__Aim of the task__.
Determine which lines of the records include the word "color", and copy them.

Short web captions:
=====

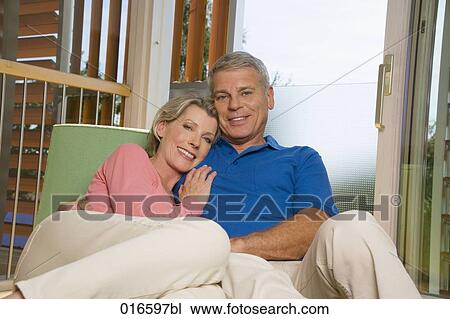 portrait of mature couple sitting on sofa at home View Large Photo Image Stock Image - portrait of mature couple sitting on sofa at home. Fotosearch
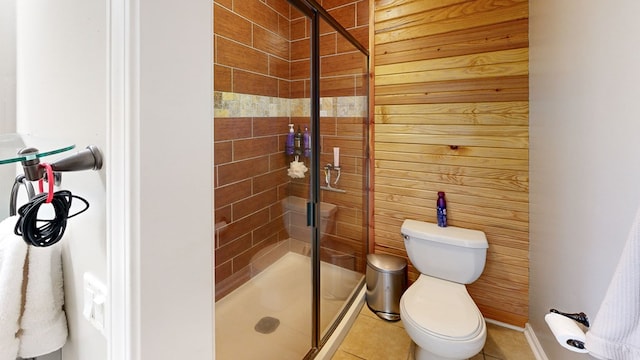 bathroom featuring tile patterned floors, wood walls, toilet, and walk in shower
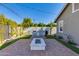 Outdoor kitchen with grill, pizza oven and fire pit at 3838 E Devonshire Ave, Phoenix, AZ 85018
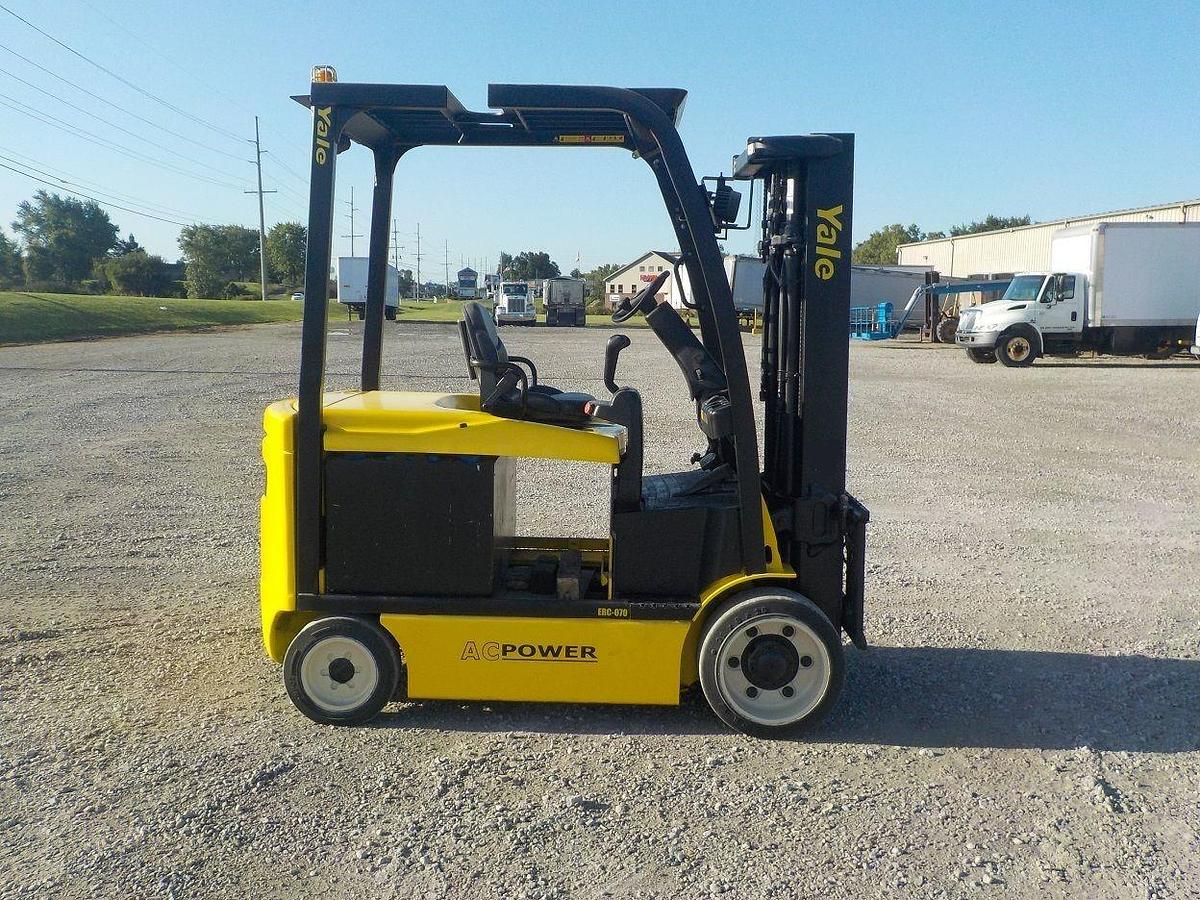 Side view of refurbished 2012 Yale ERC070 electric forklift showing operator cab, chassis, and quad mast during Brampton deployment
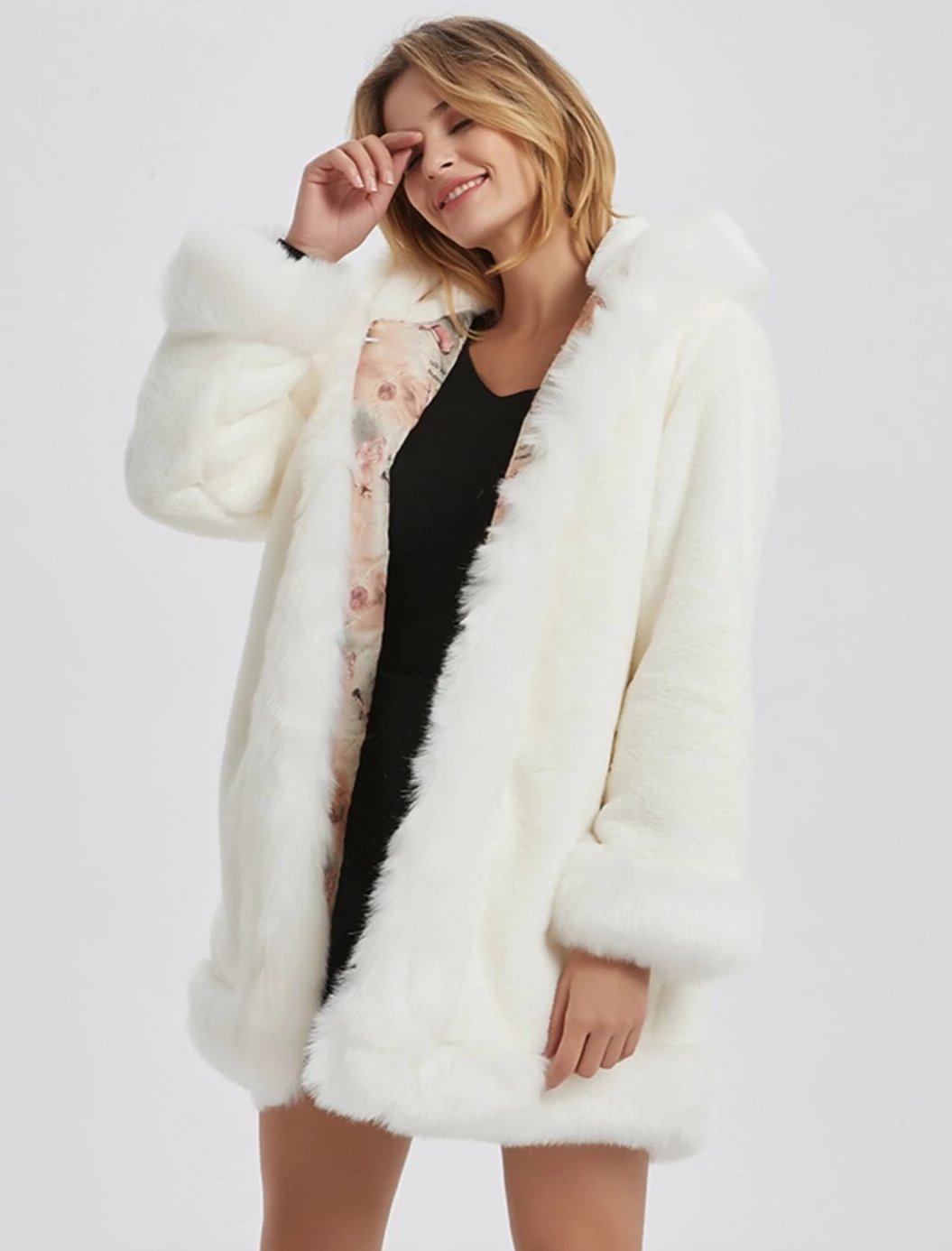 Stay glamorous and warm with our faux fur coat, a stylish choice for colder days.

=====

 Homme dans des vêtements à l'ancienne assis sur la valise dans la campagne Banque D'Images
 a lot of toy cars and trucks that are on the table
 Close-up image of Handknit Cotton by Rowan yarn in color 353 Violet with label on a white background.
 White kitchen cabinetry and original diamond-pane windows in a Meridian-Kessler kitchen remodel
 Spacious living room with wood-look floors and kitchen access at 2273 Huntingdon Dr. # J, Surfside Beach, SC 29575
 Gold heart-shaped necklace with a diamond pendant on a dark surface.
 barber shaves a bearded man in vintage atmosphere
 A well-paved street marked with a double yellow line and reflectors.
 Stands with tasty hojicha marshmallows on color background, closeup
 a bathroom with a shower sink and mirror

=====

__Problem solution__.
 Close-up image of Handknit Cotton by Rowan yarn in color 353 Violet with label on a white background.
 Stands with tasty hojicha marshmallows on color background, closeup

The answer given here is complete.